__MATERIAL FOR THIS EXERCISE__:

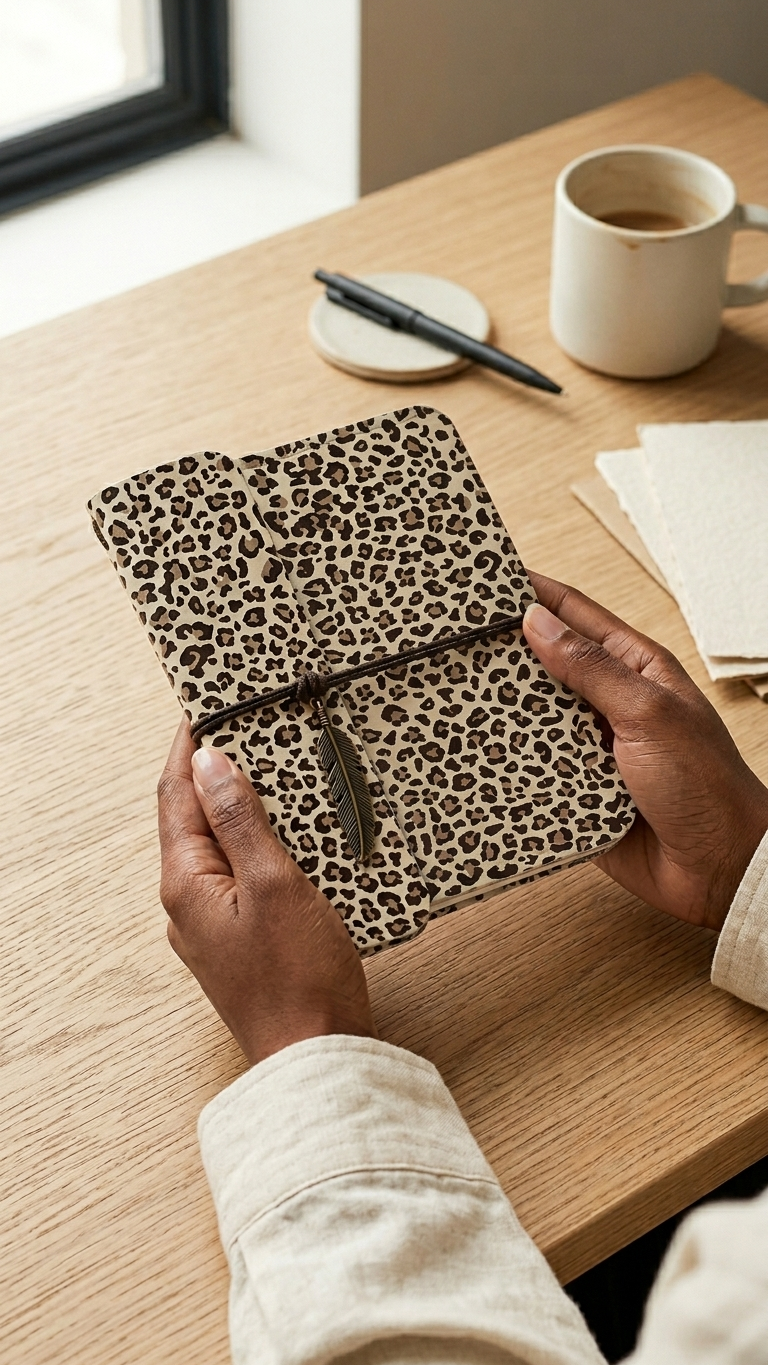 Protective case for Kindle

---

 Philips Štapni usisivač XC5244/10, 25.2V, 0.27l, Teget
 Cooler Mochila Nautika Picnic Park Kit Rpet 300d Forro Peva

---

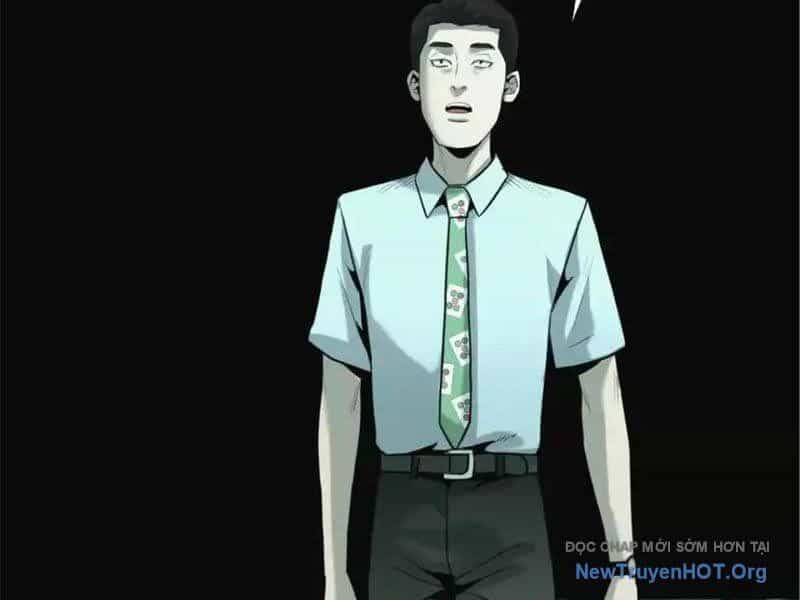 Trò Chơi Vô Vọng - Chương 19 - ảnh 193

__TASK TO COMPLETE__:
In the entries above, find the line with "Philips Štapni usisivač" and the line with "Cooler Mochila Nautika", then set down exactly those two and every line between them, nothing else.

__RESULT OF THIS EXERCISE__:
 Philips Štapni usisivač XC5244/10, 25.2V, 0.27l, Teget
 Cooler Mochila Nautika Picnic Park Kit Rpet 300d Forro Peva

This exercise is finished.